* Task description *
Could you retype, exactly as written, every line from the top of the records through the line that contains "Magnificent chalet with"?
==*==
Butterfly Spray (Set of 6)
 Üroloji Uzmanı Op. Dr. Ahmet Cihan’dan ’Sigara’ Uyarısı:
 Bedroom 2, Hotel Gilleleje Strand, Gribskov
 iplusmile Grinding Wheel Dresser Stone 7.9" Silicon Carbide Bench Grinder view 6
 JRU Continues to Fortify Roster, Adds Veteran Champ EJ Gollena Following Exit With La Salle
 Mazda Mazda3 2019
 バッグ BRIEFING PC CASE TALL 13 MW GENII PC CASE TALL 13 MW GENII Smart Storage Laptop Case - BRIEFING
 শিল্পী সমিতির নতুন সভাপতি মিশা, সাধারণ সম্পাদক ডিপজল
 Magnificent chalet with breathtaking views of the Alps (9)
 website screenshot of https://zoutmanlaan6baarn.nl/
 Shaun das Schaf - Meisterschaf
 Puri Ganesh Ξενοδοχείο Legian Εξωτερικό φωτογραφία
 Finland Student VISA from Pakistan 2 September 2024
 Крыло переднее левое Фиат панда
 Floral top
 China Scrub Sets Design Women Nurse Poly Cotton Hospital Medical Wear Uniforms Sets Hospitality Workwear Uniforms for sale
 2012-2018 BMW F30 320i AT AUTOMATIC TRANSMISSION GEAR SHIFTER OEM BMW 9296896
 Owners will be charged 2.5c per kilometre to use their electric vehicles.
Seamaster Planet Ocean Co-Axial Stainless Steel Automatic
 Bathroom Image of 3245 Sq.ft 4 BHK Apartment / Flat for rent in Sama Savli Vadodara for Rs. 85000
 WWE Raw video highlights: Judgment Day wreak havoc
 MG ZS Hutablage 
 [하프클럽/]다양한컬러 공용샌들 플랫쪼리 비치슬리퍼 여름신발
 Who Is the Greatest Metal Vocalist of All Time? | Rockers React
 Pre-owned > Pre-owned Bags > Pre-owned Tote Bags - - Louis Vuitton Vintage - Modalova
==*==
* Reply *
Butterfly Spray (Set of 6)
 Üroloji Uzmanı Op. Dr. Ahmet Cihan’dan ’Sigara’ Uyarısı:
 Bedroom 2, Hotel Gilleleje Strand, Gribskov
 iplusmile Grinding Wheel Dresser Stone 7.9" Silicon Carbide Bench Grinder view 6
 JRU Continues to Fortify Roster, Adds Veteran Champ EJ Gollena Following Exit With La Salle
 Mazda Mazda3 2019
 バッグ BRIEFING PC CASE TALL 13 MW GENII PC CASE TALL 13 MW GENII Smart Storage Laptop Case - BRIEFING
 শিল্পী সমিতির নতুন সভাপতি মিশা, সাধারণ সম্পাদক ডিপজল
 Magnificent chalet with breathtaking views of the Alps (9)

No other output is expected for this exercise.